WHAT YOU NEED TO DO: Your answer should be every line of the records that contains the word "image", copied as it stands.

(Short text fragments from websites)
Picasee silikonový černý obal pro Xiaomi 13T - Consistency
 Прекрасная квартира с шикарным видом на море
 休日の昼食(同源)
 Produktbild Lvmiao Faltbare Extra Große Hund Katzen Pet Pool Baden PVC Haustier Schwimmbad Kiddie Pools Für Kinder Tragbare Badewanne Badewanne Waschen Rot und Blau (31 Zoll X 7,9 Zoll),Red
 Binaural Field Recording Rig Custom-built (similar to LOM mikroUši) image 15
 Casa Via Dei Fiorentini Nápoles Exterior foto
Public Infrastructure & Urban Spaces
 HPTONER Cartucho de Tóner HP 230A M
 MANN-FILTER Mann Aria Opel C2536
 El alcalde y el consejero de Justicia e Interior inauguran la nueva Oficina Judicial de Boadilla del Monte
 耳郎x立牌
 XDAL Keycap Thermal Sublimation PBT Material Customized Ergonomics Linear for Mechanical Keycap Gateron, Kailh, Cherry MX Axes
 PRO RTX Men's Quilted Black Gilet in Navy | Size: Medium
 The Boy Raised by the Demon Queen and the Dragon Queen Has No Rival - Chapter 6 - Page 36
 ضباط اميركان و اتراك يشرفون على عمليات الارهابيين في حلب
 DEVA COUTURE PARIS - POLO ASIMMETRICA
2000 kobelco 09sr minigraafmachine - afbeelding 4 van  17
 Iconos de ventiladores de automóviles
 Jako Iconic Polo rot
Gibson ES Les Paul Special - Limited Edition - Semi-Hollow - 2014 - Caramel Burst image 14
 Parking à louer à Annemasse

TASK RESPONSE:
 Binaural Field Recording Rig Custom-built (similar to LOM mikroUši) image 15
Gibson ES Les Paul Special - Limited Edition - Semi-Hollow - 2014 - Caramel Burst image 14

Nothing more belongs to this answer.